Potensi pembalikan arus modal pun masih mungkin terjadi, seiring dengan kenaikan yield US Treasury hingga di atas 3% yang didorong oleh ekspektasi kenaikan suku bunga bank sentral AS (The Fed), jelang rapat Federal Open Market Committe (FOMC).
Solusi?
Direktur Eksekutif MUC Tax Research Institute, Wahyu Nuryanto mengungkapkan kembali pelemahan rupiah atas tingginya kepemilikan obligasi asing ini sebenarnya bisa diantisipasi.
Pelemahan rupiah terhadap dolar AS salah satunya ditenggarai oleh aksi spekulasi di pasar obligasi. Dalam konteks obligasi negara, saat ini sekitar 40% dipegang oleh asing tersebut, di mana mayoritas transaksi dilakukan di Singapura.
"Perbedaan tarif atas Singapura dan investor lokal ini bisa jadi memunculkan aksi spekulasi di pasar obligasi negara, yang basis transaksinya di Singapura. Namun, sah-sah saja bagi investor untuk melakukan transaksi pembelian atau penjualan obligasi negara RI di Singapura karena ada celah hukum yang memungkinkan," tutur Wahyu.
"Meskipun secara etika menjadi sangat tidak menguntungkan Indonesia dan posisi rupiah pada akhirnya."
Namun, menurutnya akan sangat sulit bagi pemerintah jika harus didorong untuk merevisi tax treaty dengan Singapura. Sebab butuh perundingan yang bisa jadi alot dan membutuhkan waktu tak sebentar.
"Kalau itu untuk jangka panjang, silakan saja, tapi efeknya belum tentu bisa langsung dirasakan ke Rupiah dalam jangka pendek," jelas Wahyu.
Demikian juga jika pemerintah memangkas tarif withholding tax dari 15% menjadi lebih rendah atau bahkan 0%. "Itu juga tidak gampang karena harus mengubah UU PPh," kata Dia.
Yang mungkin bisa dilakukan, menurut Wahyu adalah mengeluarkan kebijakan Pajak Ditanggung Pemerintah (DTP) atas imbalan bunga obligasi di dalam negeri.

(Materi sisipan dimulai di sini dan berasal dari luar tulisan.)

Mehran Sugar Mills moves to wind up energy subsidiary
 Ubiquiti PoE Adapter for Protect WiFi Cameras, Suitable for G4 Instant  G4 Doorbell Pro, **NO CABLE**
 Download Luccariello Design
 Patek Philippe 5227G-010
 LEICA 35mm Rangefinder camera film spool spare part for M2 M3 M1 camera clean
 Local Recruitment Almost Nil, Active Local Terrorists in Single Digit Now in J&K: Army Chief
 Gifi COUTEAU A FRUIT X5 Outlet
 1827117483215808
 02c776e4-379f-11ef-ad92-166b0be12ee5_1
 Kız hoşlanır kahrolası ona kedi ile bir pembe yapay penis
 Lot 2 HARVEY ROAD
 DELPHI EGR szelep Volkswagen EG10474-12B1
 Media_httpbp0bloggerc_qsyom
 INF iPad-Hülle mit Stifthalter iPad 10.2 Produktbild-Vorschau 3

Seperti halnya kebijakan serupa yang diterbitkan atas obligasi negara yang diterbitkan di luar negeri atau pasar internasional (PMK 46 /PMK.010/2018).
"Dengan demikian, investor merasa tidak ada bedanya transaksi bond di Singapura atau di Indonesia karena sama-sama tidak kena beban pajak," jelasnya.
"Kalau reksadana saja bisa bebas pajak, seharusnya bunga obligasi negara juga diatur agar bebas pajak. Toh, orientasi penerbitan obligasi kan berutang, untuk support pembiayaan," imbuh Wahyu.
Memang dirasa tidak adil, ketika pemerintah butuh utangan justru investor dibebankan sebuah pajak yang walaupun memang atas imbal hasil yang didapatkan. Sayangnya perlakuan ini hanya untuk investor dalam negeri bukan asing.
Padahal, Indonesia saat ini perlu banyak investor lokal yang setia, bukan memanjakan asing.